Friedrich W. Voit, German geologist, described gold deposits in the Phillipines (1898), and his travels as a mining geologist in Borneo (1899), in the Berg- und Huettenmaennische Zeitung. He was awarded the doctoral degree in geology by the University of Rostock in 1901 on the basis of a thesis entitled Geognostische Schilderung der Lagerstaetten-verhaltnisse von Dobschau in Ungarn... (Geological description of the relations between the strata of Dobschau, Hungary - a region now part of Slovakia). He subsequently published a paper on an occurrence of copper ore in Angola (1902).
In 1903 Voit was involved in geological exploration in Damaraland, German South West Africa (now Namibia) for the firm A. Goetz & Co., Ltd of London. During that year he was recruited by Gustav B. Duft* as the first government geologist in the territory. He was joined by Heinrich Lotz* in February 1904. His first task was to study the Nama Group of sediments and their possible correlation with the Karoo sequence and its coal-bearing horizons. In 1904 he published "A contribution to the geology of German South West Africa" in the Transactions of the Geological Society of South Africa (1904, Vol. 7(2), pp. 77-94). This paper represented the first significant attempt at establishing a stratigraphic scheme for the succession of rocks found in the territory. His scheme, and those proposed by several later authors, rested on the assumption that the degree of metamorphism indicated the relative age of rock strata.
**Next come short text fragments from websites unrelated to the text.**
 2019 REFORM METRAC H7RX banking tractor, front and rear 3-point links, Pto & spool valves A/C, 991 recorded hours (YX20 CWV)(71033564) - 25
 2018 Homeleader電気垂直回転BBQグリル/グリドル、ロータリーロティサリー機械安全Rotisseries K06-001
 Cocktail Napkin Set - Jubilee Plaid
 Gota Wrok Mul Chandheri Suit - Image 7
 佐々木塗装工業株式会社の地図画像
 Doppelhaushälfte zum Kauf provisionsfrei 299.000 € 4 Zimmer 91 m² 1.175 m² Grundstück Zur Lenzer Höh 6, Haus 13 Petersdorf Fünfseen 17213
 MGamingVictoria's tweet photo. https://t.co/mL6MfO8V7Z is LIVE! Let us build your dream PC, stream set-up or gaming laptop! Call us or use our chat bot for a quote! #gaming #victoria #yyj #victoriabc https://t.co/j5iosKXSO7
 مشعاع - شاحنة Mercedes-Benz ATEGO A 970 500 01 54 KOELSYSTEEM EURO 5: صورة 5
Hence all the crystalline schists and their intrusive suits underlying the Nama and Karoo strata were grouped together in a Primary Formation.
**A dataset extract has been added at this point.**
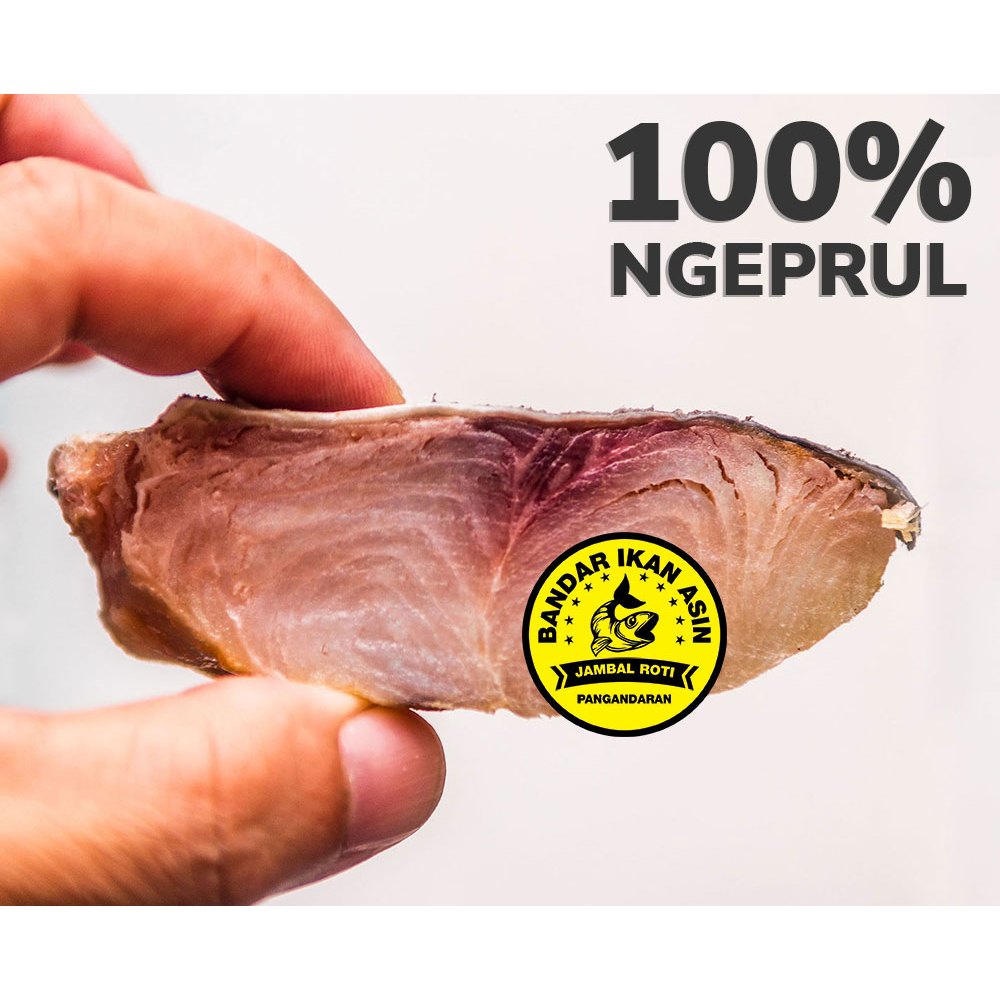 

Ikan asin jambal roti grade A 100 gram vacuum packing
Around 1906 Voit was stationed in Swakopmund and made responsible for regulating the mining activity in the Swakopmund district. He was however able to do limited research on the copper deposits of the Otavi Mountainland and the diamond finds between Meob Bay and Conception Bay. Further papers by him dealing with the region's mineral deposits appeared in German journals during the next few years. These included a discussion of the geology of the copper ore regions along the Kuiseb River (with G.D. Stollreither, 1905), comments on the ore deposits at Tsumeb (1908), and a description of the diamond fields at Conception Bay (1910).
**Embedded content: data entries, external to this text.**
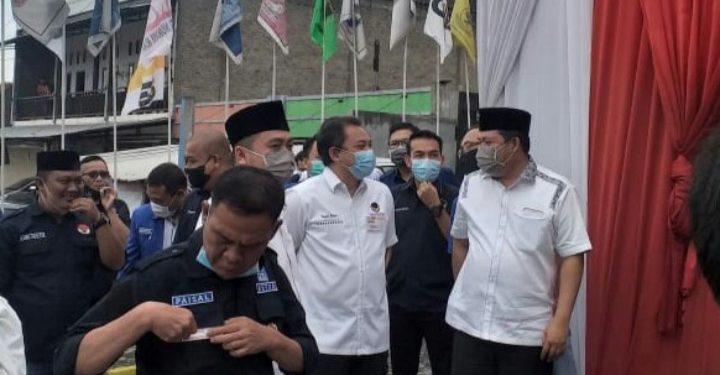 M. Nasir VS Dendi Di Pilkada Pesawaran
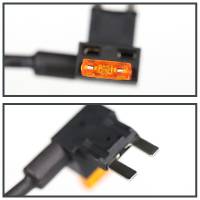 Spec'D Tuning Products - Spec-D 2015-2017 Ford Mustang Front Grille LED Driving Lights - 6PC (Chrome Housing/Clear Lens) - Image 4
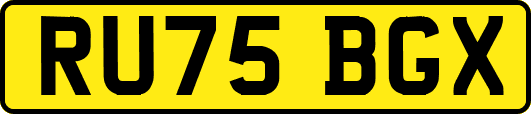 RU75BGX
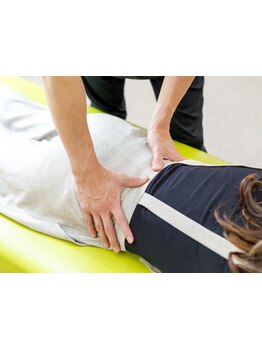 腰のつらさを改善したい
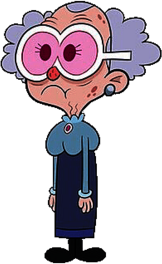 Too Loud! character Miz Abbott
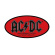 Ac/Dc - Oval Logo Standard Patch Ac/Dc - Oval Logo Standard Patch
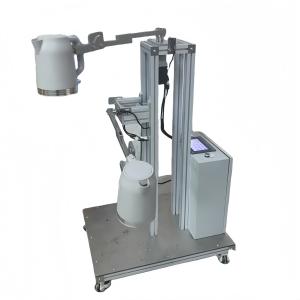 IEC 60335-2-15 Compliant Kettle Movement Test Apparatus with 400 mm Pivot Distance and 5 mm Rubber Thickness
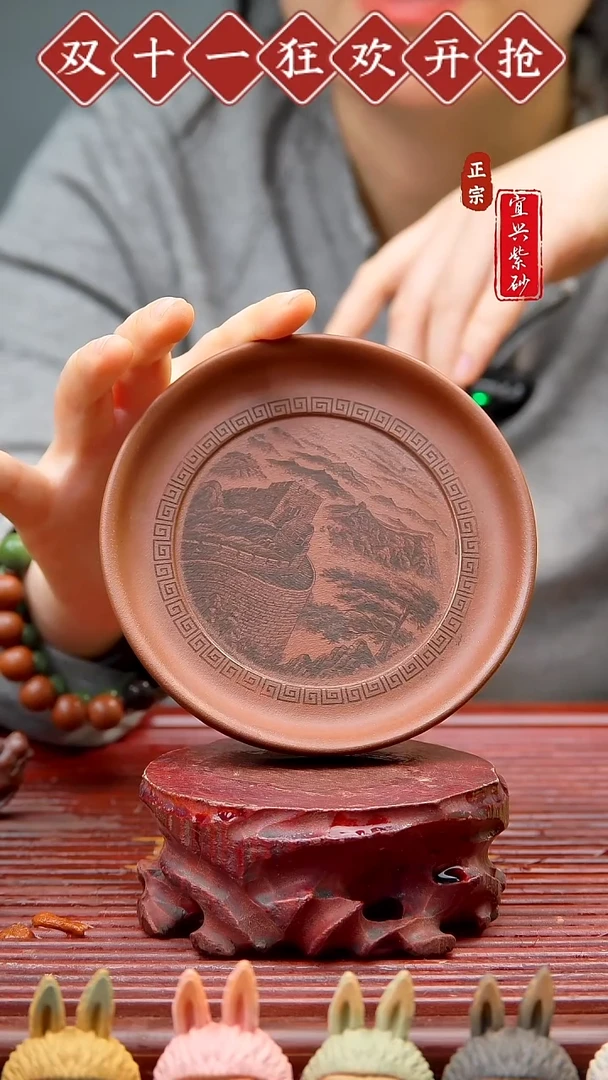 紫砂茶宠宜兴紫砂茶宠摆件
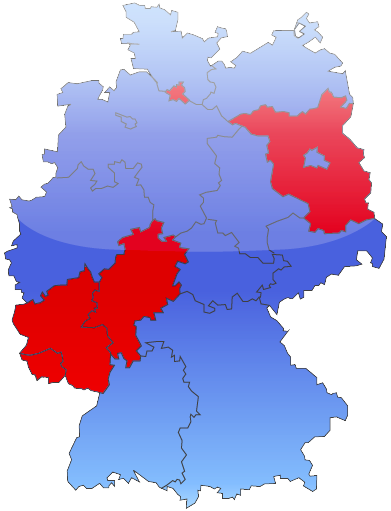 Grafik: SF SCHWEB.NET in fünf Bundesländern Grafik: SF SCHWEB.NET in fünf Bundesländern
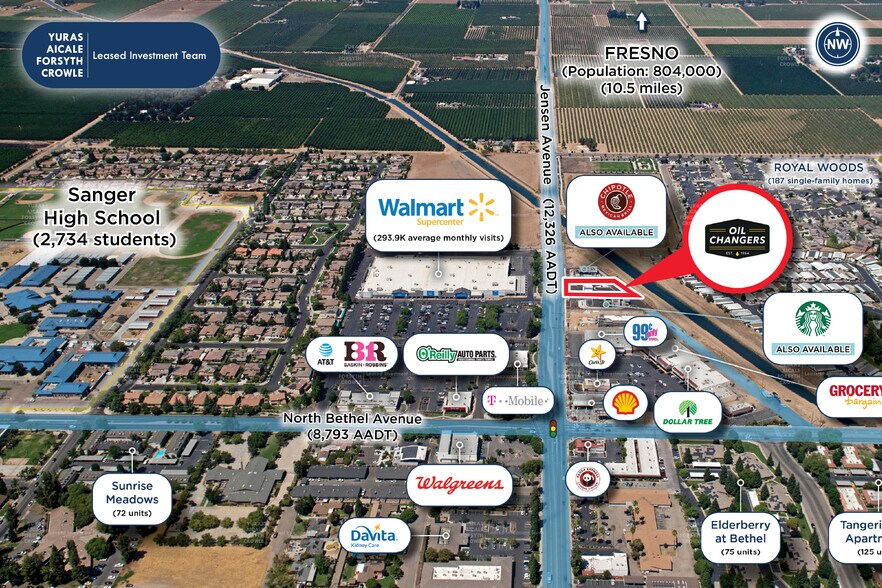 More Photos Of 2810 Jensen Ave, Sanger Auto Repair For Sale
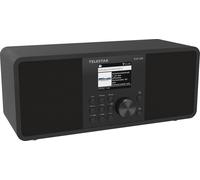 SUBZONAL-TELESTAR Top 250 - Radio Dab+/Internet (stéréo, 2 × 10 W, Fonction d'émission/réception Bluetooth, Enregistrement USB, système d'alerte d'urgence, contrôle par Application) - Noir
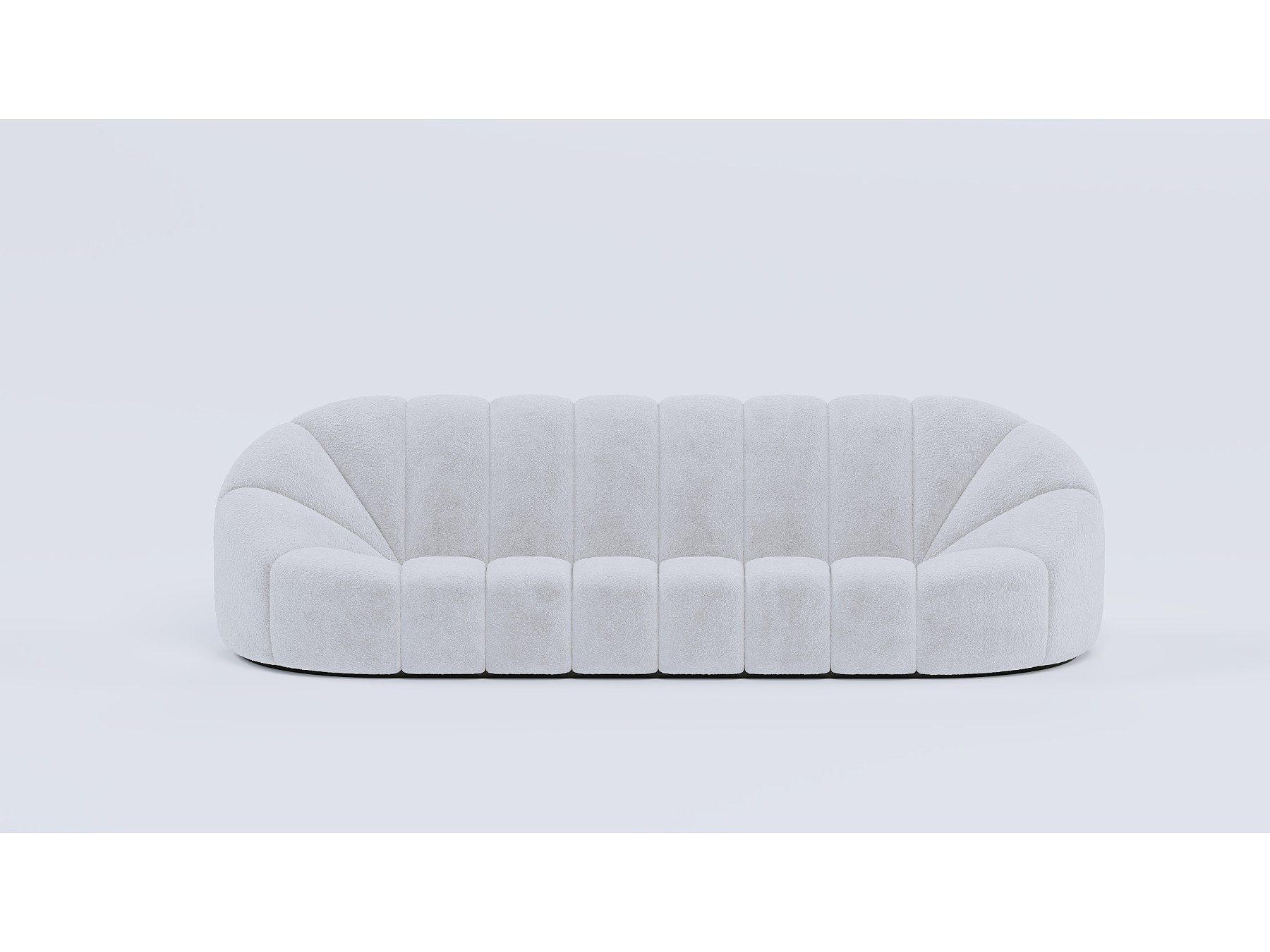 Aurelia Shell Sofa — alternate view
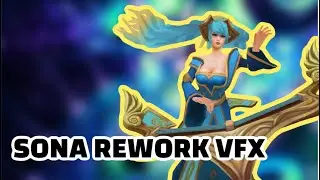 SONA REWORK (VFX REACTION) | League Of Legends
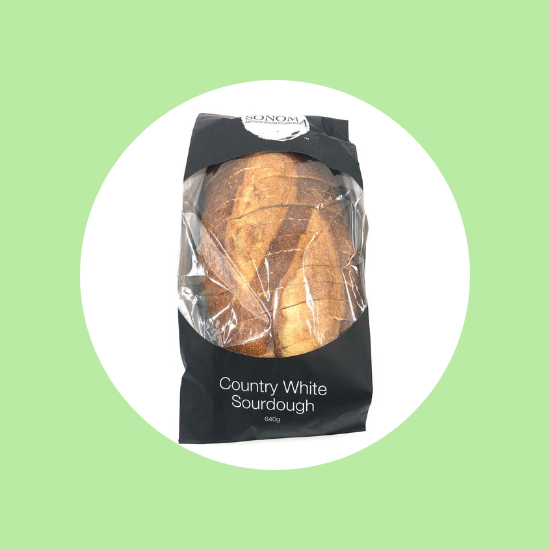 Sonoma White Sourdough 640g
During these same years Voit also investigated problems relating to the geology of South Africa. One of these was the age of the gneisses along the Limpopo River (now included in the Limpopo metamorphic province). In two papers on this topic in the Transactions of the Geological Society of South Africa (1906, Vol. 8, pp. 106-107 and 141-146) he concluded that these gneisses were older than the Swaziland Beds and named them the Limpopo Formation, which he considered part of a Fundamental Gneiss Formation in South Africa. Another topic to which he gave considerable attention was the occurrence of Kimberlite and the origin of the diamonds it sometimes contained. Three papers relating to this topic appeared in the Transactions of the Geological Society of South Africa in 1907, one in the Mining Journal (London, 1908) and two in the Zeitschrift fuer Praktische Geologie (Berlin, 1907, 1908). The latter journal furthermore published papers by him on diamonds occurring in diabase (1908) and in pegmatite (1908).
In 1911 Voit formally proposed that a Geological Survey, including a proper laboratory, be established in German South West Africa. As a result a geological laboratory was acquired in Swakopmund, but was moved to Windhoek in 1912. Voit continued his work until the outbreak of World War I in 1914.
By 1906 Voit was a member of the Geological Society of South Africa, with an address in Johannesburg. He was also a member of the South African Association for the Advancement of Science at this time, though no longer in 1910.